What if they’re not ready because you haven’t prepared them?
Successful leadership is seen in the growth of others.
3 Reasons They’re Not Ready
- The Perfection Trap: When you think you’re better than everyone else, no one is good enough.
- The Control Trap: They’re not ready because you can’t let go.
- The Friction Trap: Things get messy while people learn.
Five Ways to Make the Unready Ready
#1. Determine what “ready” looks like.
Get specific. What would they be doing if they were ready? Use clear behavioral language.
#2. Communicate your expectations.
It’s not enough to say, “I need you to step up.” Describe behavior shifts.
- What behaviors need to improve?
- What behaviors need to stop?
- What new behaviors propel them forward?
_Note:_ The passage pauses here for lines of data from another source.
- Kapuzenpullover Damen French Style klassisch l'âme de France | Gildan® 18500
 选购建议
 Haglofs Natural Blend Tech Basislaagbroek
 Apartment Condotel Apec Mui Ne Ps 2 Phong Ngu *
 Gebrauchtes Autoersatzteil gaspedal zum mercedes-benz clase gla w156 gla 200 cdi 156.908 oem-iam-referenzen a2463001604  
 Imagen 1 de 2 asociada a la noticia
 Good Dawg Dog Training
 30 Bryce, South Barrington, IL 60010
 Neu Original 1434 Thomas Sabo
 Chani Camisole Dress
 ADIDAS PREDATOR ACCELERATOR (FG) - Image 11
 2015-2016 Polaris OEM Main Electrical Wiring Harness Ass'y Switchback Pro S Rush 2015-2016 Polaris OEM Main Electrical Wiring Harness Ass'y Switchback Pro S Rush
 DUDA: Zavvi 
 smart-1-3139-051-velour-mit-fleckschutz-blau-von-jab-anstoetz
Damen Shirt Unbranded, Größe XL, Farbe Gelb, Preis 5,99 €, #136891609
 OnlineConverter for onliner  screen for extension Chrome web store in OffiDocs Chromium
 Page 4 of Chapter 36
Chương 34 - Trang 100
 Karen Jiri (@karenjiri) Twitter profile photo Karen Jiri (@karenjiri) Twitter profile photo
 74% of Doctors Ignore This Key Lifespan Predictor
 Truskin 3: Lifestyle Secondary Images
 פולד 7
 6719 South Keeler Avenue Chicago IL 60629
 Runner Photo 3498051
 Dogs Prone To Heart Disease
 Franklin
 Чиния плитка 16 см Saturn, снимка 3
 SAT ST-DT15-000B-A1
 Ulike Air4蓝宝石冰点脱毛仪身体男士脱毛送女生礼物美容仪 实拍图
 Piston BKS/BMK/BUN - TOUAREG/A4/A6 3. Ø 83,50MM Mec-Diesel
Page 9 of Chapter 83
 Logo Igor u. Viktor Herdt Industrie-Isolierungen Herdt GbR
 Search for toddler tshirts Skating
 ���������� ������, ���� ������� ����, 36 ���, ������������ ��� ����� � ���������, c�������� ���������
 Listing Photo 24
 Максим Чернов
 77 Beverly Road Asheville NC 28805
#3. Audit your development skills.
Who have you prepared in the last thirty days? If your answer is “none,” the bottleneck is you.
#4. Get busy developing people.
Define how you will prepare someone over the next thirty days.
- Training: teach technical skills.
- Mentoring: Share your experience.
- Coaching: Ask questions so they find the answers.
- Stretch Assignments: Give low-stakes opportunities that build confidence.
#5. Redefine your role.
What becomes possible when people act without asking permission?
Readiness reflects development.
Stop waiting. Start building.
How do leaders prepare people to step up?
Delegate: A New 5-Step Approach
Delegate to Build Stronger Teams Sloan





#2 really resonated with me. I once asked a newer person to lead a meeting, which lead her to panic, which lead someone else to let me know she was panicking, which lead me to create a one-page summary of how to write a meeting. I still have that document, 15+ years later.
Oh, and she ran the meeting well and said afterwards it was easy.
Sometimes a little support provides long-term returns.
I knew she was ready, but she didn’t think she was. The disconnect was the problem and was solved by the one-page handout. There was nothing earth-shattering in the handout. But it gave her the confidence she needed.
It’s a gift to believe in people more than they believe in themselves.
4. The Inertia Trap: When I avoid the extra work it will take to empower someone else
Great guidance, Dan. Maybe they’re “not ready” because they haven’t been given a chance. They may be more ready than you think… can you let them fail and learn, or do they have to get it right the first time?